▶ What this task involves:
In the records below, find the line with "A rustic log", then copy each line exactly until you have copied the line with "Portrait of Man". Leave any picture out.

[Dataset records — start]

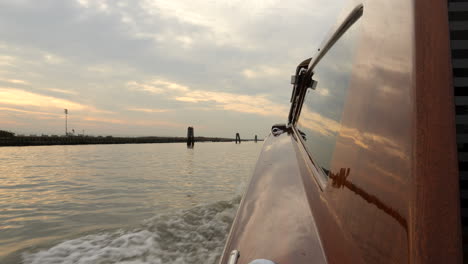 pov from water taxi boat to venice city - cloudy day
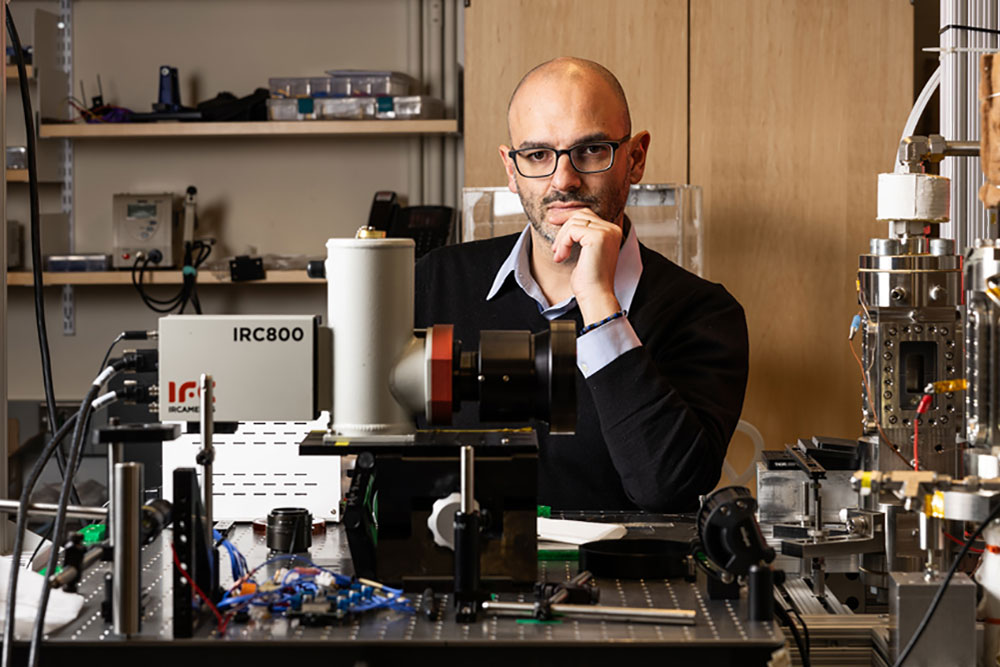 Faculty member Matteo Bucci seated at a lab bench with instruments, MIT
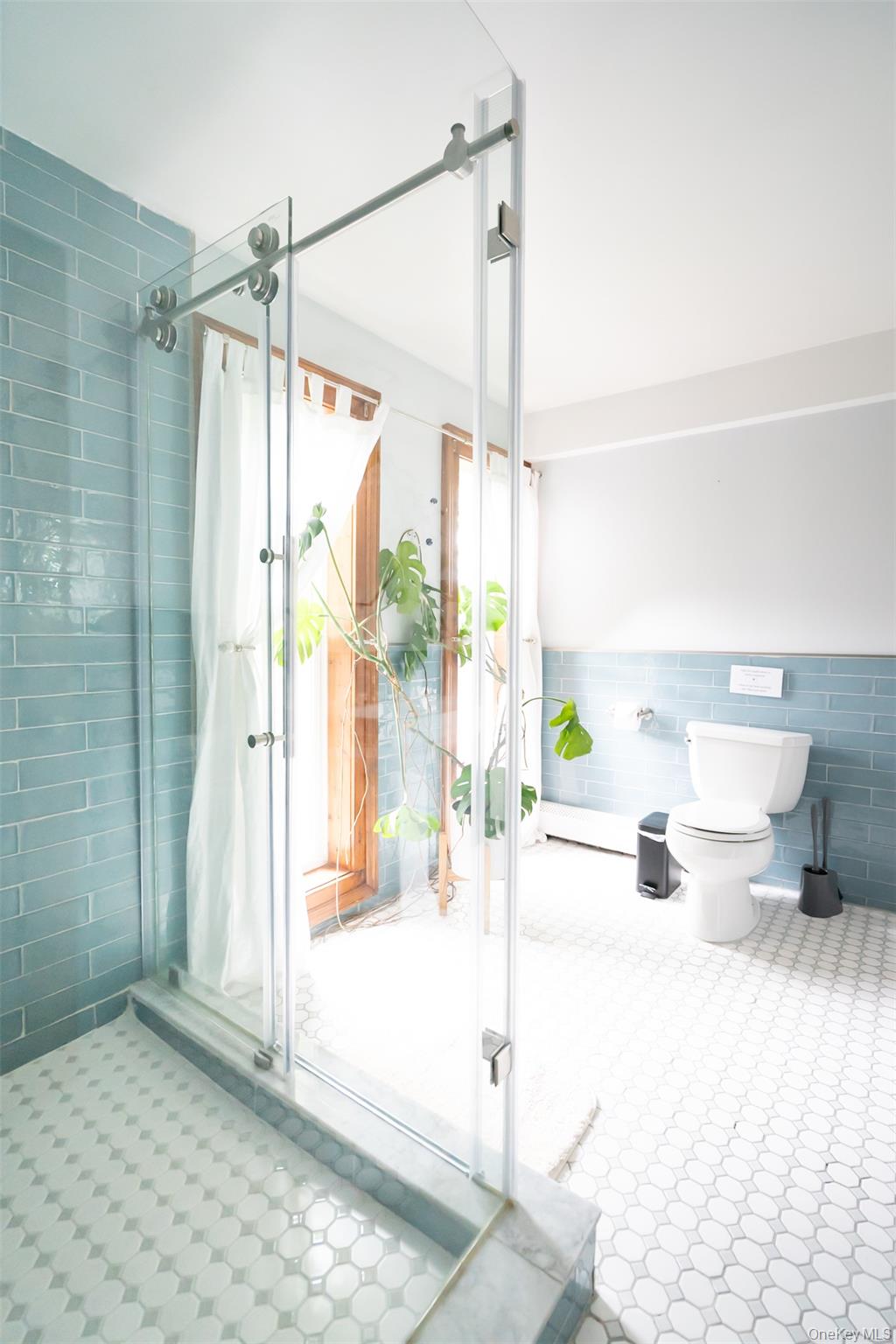 175 Liberty Street Newburgh, NY 12550 - Photo 29 of 50 a bathroom with a shower and a toilet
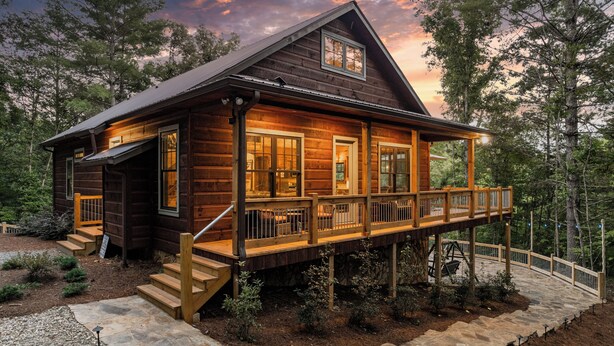 A rustic log cabin with a wooden deck and a stone pathway leading to the entrance. - Tranquil cabin with in charming Mineral Bluff with beautiful views (Mineral Bluff)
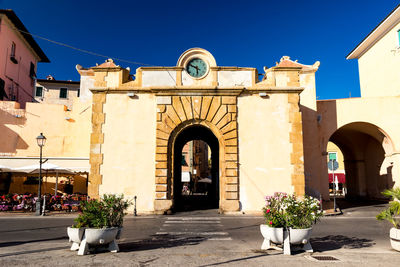 Potted plants outside historic building against sky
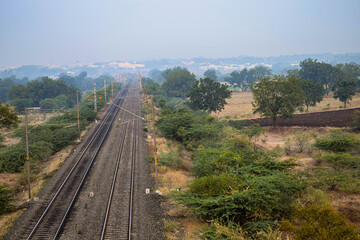 Fototapeta na wymiar Picture of pastel sunset on railroad track in rural scene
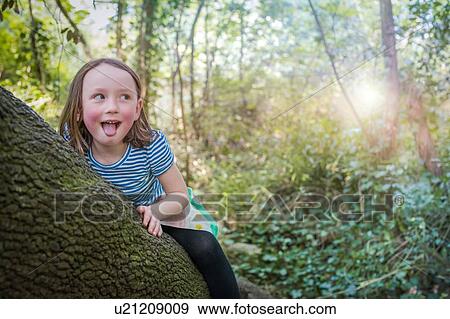 Stock Photo - Mischievous girl on tree trunk. Fotosearch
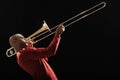 Portrait of Man Playing Trombone side view Royalty Free Stock Photo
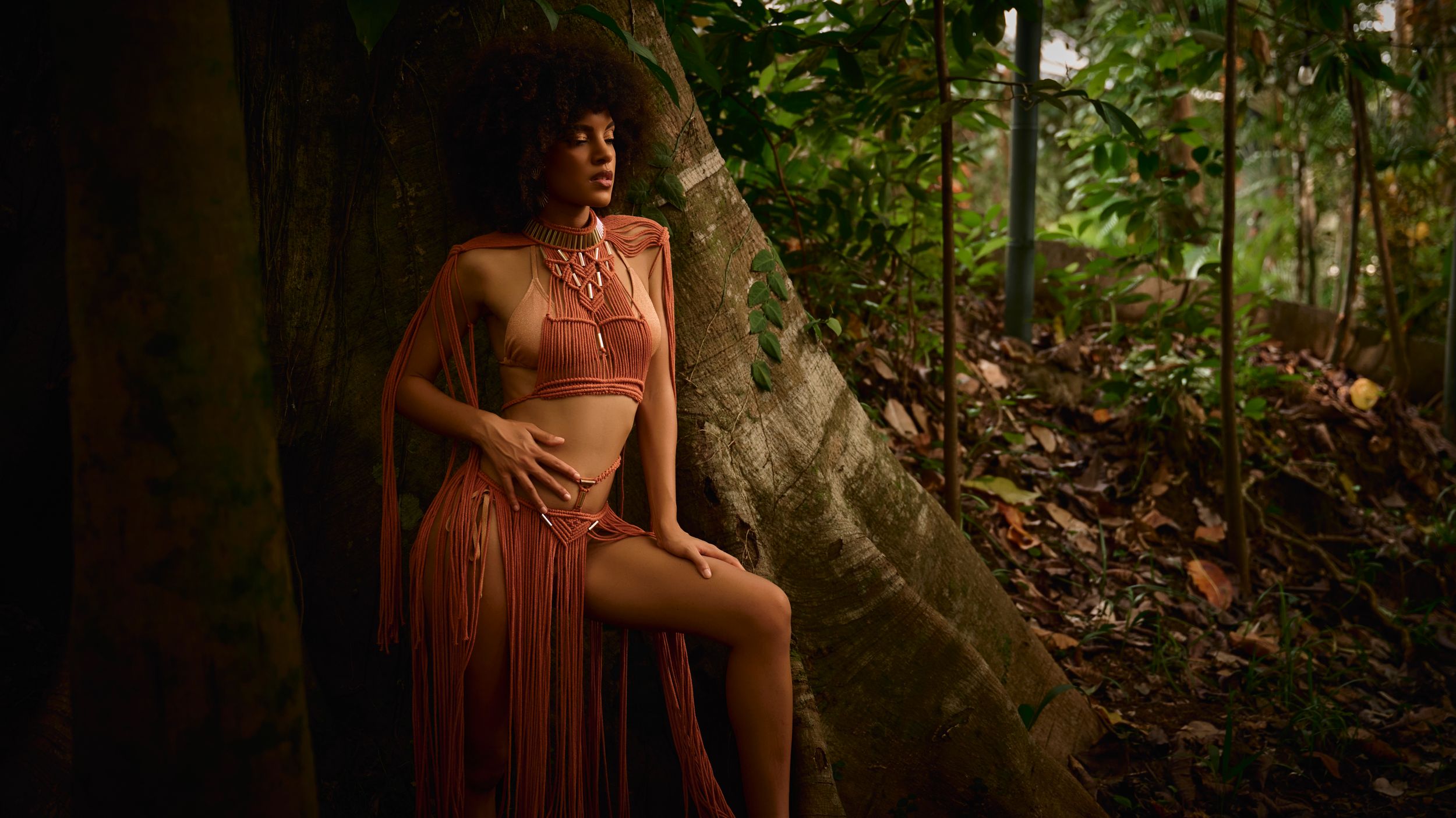 A series of artistic forest photos featuring a person in a flowing terracotta dress posing near trees and rocks in natural light.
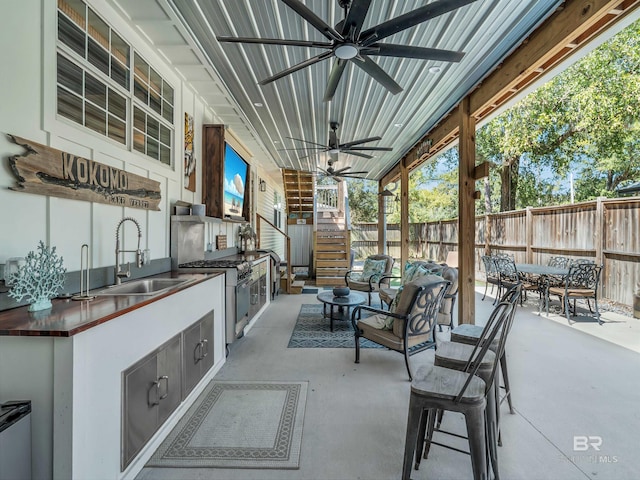 5410 Florida Ave, Orange Beach, AL 36561 - view of patio / terrace featuring stairway, fence, a sink, and area for grilling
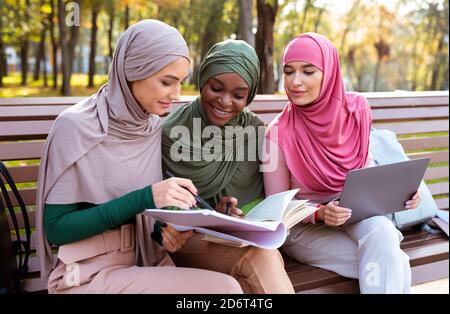 Three Muslim Students Women Learning Together Using Computer Sitting Outdoors Stock Photo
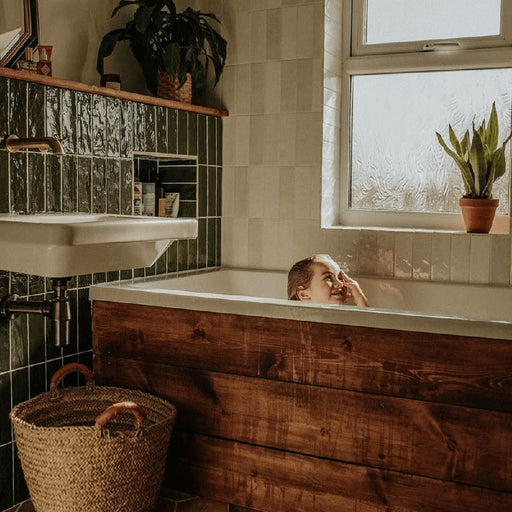 Bathroom featuring Zellige Botanical Green Brick 6.5 × 20cm Moroccan-style ceramic wall tiles in deep green tones, installed in a vertical brick layout around a built-in bath, paired with warm timber panelling, white sanitaryware and botanical accents for a rich, characterful zellige-effect finish.
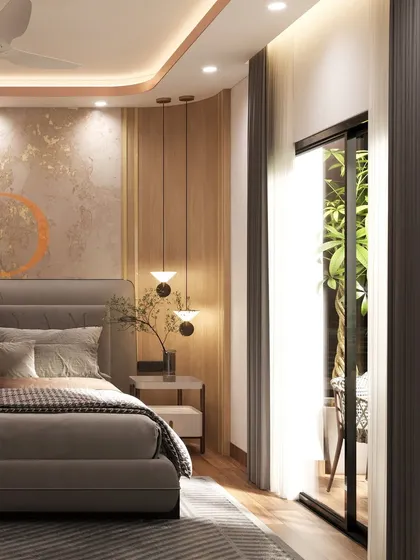 A close-up of the bed and side table, showing the warm wood tones, pendant lighting, and textured gold-leaf accent wall.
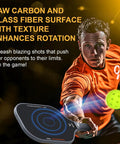 Action shot with Set Of 2 Pickleball Paddles With Raw Carbon And Glass Fiber Surface, player in orange shirt hitting a ball.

[Dataset records — finish]

▶ Finished exercise:
 A rustic log cabin with a wooden deck and a stone pathway leading to the entrance. - Tranquil cabin with in charming Mineral Bluff with beautiful views (Mineral Bluff)
 Potted plants outside historic building against sky
 Fototapeta na wymiar Picture of pastel sunset on railroad track in rural scene
 Stock Photo - Mischievous girl on tree trunk. Fotosearch
 Portrait of Man Playing Trombone side view Royalty Free Stock Photo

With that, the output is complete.